Den Unmut in Teilen der eigenen Partei bekam neben anderen Spitzenpolitikern auch Özdemirs Ko-Chefin Simone Peter zu spüren. Ihre Gegenkandidatin, die wenig bekannte brandenburgische Kommunalpolitikerin Sonja Karas, erhielt nach ihrer Rede, in der sie sich für eine friedliche Außenpolitik und gegen die Asylrechtsverschärfungen aussprach, nicht nur viel Applaus, sondern auch immerhin 17,94 Prozent der Stimmen. Bei einigen Delegierten war von einer »Protestwahl« die Rede. Nichtsdestotrotz wurde Peter mit 68 Prozent klare Siegerin. Sie gilt als Vertreterin des linken Parteiflügels, hat es aber in den letzten Monaten kaum geschafft, in der Führung ein linkes Profil gegen die Realos um Özdemir durchzusetzen. Gerade bei den Parteilinken wird die Diskrepanz zwischen Ankündigungen und realer Politik besonders deutlich. »Wir lassen nicht zu, dass Länder wie Griechenland kaputtgespart werden«, rief Peter den Delegierten zu. Dabei unterstützt die Ökopartei die Austeritätspolitik von Angela Merkel bislang mit einer größeren Geschlossenheit als die SPD.
Neben den Wahlen zum Vorstand und den Antragsberatungen war der Parteitag in Halle auch ein Schaulaufen der Bewerber für die zwei Spitzenkandidatenposten für die Bundestagswahl 2017. Für die Urwahl sind bislang die Fraktionsvorsitzenden Anton Hofreiter und Katrin Göring-Eckardt sowie der schleswig-holsteinische Umweltminister Robert Habeck die einzigen prominenten Anwärter. Dass Özdemir nach seiner Wiederwahl zum Parteichef ebenfalls bald seine Ambitionen ankündigen wird, ist durchaus möglich. Wenn die Bundestagswahl erfolgreich verlaufen sollte und die Grünen nach langer Zeit wieder im Bund mitregieren würden, hätten die Spitzenkandidaten beste Aussichten auf Ministerposten. Kleine Niederlagen musste Habeck beim Parteitag hinnehmen. Er scheiterte in einem mit anderen Realos verfassten Antrag, der sich aus Kostengründen gegen das Vorhaben des Parteivorstands richtete, das Elterngeld um zehn Monate auf bis zu 24 Monate zu verlängern. Stattdessen solle mehr Geld in das Betreuungsangebot gesteckt werden. Auch halten die Grünen an ihrem Ziel fest, die Stromversorgung in Deutschland bis 2030 nahezu komplett auf erneuerbare Energien umzustellen. Kurz vor dem UN-Klimagipfel in Paris forderte der Parteitag, Deutschland müsse sich wieder an die Spitze des internationalen Klimaschutzes stellen. Forderungen, von dem 100-Prozent-Ziel beim Strom abzurücken, setzten sich nicht durch. Dafür hatte sich Habeck eingesetzt.
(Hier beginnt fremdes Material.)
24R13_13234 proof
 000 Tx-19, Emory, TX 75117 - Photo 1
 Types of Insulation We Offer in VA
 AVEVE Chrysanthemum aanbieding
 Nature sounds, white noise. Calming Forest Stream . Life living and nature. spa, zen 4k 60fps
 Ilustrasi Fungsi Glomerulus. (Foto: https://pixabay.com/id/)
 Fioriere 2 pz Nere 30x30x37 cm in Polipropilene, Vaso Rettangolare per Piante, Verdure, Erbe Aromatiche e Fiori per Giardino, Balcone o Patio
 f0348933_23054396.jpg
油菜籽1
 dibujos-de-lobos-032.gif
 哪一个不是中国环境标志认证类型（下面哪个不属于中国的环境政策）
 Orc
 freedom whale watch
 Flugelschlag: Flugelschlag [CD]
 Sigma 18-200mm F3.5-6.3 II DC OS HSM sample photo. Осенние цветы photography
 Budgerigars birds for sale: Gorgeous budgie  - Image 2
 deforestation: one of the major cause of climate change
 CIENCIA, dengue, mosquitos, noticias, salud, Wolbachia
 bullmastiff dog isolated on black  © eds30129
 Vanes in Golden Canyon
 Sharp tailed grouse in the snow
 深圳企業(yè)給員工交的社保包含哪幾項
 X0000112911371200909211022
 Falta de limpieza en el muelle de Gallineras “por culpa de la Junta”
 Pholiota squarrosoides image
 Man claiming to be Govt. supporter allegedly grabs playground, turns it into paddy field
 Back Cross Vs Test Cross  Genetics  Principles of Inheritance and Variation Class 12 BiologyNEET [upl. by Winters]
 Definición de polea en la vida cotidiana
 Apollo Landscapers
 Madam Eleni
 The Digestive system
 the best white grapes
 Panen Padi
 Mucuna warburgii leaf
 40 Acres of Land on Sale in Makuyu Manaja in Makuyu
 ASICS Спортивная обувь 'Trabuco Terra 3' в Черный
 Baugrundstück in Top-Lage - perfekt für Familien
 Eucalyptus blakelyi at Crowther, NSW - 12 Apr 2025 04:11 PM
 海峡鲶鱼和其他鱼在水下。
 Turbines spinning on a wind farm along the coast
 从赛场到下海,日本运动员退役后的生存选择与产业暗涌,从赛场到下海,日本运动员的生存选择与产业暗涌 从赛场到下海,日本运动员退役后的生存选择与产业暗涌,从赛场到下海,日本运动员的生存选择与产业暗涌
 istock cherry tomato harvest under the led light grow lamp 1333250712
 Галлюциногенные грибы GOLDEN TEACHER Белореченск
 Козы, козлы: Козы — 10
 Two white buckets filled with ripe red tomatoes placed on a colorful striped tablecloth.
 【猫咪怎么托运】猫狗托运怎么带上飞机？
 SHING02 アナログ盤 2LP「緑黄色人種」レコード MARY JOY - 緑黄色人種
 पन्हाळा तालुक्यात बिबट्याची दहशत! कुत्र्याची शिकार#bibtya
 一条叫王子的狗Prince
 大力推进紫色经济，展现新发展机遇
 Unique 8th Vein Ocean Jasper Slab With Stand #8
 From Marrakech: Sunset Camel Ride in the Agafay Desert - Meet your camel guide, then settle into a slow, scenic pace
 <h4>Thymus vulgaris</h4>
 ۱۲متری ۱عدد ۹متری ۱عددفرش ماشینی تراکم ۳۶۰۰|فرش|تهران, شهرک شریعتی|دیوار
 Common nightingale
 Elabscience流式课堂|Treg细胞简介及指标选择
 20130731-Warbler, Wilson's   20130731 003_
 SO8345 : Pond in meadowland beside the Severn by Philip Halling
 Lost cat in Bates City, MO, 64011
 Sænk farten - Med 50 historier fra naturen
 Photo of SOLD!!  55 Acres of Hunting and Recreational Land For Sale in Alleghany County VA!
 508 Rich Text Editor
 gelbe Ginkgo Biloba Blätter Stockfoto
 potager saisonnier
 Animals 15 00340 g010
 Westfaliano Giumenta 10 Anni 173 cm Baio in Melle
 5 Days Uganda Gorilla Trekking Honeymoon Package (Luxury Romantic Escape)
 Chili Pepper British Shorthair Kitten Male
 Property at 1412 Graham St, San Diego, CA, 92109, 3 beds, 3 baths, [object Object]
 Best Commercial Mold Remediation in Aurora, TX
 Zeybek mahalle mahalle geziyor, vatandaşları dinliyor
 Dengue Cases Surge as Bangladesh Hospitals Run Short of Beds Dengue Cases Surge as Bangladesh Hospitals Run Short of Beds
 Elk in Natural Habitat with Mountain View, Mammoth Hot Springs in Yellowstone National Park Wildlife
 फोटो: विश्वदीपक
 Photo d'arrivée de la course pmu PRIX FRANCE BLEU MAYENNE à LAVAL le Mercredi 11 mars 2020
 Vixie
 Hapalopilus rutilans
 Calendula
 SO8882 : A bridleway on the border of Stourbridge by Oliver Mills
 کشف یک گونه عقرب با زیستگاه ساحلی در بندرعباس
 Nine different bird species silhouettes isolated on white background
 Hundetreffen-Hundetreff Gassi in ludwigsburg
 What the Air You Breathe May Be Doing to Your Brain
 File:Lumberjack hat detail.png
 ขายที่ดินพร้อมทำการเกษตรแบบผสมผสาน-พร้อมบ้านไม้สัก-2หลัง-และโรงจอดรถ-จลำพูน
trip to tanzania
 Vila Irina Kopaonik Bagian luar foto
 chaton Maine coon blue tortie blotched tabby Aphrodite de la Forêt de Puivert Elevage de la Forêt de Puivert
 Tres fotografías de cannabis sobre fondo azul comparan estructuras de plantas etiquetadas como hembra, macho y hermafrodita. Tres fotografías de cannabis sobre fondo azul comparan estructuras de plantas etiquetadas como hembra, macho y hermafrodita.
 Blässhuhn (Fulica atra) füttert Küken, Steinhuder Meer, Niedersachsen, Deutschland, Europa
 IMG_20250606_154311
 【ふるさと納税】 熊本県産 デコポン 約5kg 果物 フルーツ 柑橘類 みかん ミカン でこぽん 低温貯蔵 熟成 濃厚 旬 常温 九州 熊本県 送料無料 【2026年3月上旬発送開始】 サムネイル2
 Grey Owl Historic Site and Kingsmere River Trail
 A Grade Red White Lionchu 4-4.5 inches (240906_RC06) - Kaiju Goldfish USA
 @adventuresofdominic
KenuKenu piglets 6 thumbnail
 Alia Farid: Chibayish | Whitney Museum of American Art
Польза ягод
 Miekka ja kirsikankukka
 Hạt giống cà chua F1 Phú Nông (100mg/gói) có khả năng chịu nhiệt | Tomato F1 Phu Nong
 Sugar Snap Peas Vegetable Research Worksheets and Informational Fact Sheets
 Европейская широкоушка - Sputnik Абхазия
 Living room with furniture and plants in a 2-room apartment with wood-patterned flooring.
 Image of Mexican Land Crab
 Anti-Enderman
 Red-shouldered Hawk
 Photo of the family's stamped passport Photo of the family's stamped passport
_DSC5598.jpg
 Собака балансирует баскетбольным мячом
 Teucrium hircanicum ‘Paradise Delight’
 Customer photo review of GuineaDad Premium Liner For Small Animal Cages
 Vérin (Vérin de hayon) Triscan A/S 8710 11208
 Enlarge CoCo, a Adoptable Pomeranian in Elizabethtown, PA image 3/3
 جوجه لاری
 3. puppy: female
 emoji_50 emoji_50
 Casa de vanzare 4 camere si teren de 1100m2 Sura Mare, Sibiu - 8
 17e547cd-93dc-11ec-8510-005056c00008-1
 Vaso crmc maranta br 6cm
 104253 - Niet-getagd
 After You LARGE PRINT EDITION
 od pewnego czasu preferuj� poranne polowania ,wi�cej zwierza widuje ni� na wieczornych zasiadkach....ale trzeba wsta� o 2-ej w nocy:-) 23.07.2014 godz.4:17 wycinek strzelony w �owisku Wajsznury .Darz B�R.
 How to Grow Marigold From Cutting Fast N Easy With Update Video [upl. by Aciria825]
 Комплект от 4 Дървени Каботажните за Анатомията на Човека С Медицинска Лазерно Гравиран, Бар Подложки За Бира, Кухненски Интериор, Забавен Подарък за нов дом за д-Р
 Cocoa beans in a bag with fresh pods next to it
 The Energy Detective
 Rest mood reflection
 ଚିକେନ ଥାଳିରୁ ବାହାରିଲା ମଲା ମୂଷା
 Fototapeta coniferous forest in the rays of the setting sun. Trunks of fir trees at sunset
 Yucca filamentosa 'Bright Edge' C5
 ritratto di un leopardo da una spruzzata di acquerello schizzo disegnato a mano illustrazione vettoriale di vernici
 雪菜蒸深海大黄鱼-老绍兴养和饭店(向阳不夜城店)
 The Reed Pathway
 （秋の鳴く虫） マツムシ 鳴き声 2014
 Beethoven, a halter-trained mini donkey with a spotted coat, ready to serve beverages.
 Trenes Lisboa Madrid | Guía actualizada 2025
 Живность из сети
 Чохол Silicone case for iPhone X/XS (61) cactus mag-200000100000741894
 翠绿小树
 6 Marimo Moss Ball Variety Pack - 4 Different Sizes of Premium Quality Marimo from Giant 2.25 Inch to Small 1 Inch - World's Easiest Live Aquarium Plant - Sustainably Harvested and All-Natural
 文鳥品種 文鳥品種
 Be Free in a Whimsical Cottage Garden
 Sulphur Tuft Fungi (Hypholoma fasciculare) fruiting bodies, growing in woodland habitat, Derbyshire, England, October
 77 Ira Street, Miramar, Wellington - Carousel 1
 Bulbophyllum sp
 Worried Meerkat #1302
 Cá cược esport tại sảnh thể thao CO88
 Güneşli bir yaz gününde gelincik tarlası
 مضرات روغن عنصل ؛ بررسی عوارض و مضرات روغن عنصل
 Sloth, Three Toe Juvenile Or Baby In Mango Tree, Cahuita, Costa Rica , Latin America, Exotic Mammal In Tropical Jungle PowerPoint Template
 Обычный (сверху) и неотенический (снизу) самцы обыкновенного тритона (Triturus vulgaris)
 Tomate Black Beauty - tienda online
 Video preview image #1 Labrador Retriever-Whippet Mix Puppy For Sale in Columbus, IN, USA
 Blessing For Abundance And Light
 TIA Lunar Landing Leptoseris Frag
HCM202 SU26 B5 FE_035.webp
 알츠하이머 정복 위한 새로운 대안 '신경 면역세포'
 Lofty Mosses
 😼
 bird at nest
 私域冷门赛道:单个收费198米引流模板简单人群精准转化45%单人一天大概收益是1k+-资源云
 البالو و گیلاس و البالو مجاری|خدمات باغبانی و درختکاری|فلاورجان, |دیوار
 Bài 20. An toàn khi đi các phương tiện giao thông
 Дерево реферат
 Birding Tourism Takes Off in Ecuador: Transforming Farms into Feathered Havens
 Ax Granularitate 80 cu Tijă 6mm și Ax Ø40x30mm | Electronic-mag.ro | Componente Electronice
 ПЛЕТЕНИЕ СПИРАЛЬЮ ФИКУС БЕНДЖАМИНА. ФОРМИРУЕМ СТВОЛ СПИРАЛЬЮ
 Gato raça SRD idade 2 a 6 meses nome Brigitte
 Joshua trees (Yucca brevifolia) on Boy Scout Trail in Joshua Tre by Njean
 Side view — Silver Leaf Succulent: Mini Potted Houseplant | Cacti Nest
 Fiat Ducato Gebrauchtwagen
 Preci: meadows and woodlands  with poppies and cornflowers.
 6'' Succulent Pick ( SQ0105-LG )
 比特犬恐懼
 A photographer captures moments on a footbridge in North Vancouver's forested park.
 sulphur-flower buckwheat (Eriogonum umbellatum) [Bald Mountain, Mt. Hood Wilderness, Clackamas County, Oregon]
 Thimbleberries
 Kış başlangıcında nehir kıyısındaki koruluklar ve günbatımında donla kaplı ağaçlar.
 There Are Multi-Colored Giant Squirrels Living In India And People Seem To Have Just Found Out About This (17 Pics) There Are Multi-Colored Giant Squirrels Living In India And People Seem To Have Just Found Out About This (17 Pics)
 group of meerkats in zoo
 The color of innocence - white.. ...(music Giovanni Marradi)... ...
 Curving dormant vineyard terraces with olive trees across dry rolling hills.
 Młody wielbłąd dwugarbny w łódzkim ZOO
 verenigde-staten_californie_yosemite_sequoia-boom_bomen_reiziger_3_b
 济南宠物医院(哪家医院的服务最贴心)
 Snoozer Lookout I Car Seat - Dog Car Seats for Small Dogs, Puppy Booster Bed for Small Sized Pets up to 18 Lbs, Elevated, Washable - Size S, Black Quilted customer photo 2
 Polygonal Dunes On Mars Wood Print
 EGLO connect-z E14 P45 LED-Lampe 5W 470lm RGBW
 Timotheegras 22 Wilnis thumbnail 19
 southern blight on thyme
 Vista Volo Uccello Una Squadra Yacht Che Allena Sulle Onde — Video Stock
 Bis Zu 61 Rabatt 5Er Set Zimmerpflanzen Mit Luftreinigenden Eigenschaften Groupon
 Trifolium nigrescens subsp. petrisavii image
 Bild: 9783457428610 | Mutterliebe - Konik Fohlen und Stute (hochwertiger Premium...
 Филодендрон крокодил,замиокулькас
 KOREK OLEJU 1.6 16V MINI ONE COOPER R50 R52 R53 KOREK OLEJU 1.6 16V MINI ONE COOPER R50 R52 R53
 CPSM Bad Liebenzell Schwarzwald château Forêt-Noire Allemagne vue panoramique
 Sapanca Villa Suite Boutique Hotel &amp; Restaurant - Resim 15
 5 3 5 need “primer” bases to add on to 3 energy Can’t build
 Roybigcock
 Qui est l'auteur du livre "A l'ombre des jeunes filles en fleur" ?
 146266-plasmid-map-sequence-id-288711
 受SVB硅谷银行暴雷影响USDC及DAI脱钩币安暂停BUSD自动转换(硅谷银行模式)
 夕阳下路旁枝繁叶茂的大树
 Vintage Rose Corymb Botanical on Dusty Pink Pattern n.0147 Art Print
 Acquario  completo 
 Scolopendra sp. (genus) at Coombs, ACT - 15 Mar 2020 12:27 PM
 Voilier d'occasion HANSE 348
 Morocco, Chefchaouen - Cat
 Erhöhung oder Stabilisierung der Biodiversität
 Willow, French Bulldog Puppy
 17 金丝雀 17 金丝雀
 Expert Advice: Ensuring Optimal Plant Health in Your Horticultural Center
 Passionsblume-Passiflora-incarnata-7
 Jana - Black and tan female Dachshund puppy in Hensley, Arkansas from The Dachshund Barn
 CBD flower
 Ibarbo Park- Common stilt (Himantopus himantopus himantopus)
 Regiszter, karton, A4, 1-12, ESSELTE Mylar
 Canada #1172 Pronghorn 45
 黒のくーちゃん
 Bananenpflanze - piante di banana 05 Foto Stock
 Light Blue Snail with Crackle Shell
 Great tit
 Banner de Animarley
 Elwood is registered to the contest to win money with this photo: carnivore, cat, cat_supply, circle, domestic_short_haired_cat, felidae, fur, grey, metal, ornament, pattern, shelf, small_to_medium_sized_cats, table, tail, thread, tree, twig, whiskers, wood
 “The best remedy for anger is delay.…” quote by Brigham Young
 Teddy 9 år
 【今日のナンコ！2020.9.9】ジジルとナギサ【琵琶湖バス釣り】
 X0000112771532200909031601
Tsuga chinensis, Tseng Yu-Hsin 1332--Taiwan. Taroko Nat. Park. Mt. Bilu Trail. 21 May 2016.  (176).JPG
In den nächsten Monaten dürften jedoch andere Themen dringlicher sein. Nach den Terroranschlägen von Paris sprachen sich die Grünen für eine politische Lösung in Syrien aus. Doch sie betonten auch die »europäische Solidarität« und schlossen den Einsatz deutscher Soldaten gegen die Terrororganisation »Islamischer Staat« nicht aus. Dies bekräftigten Realos wie Linke aus der Bundestagsfraktion.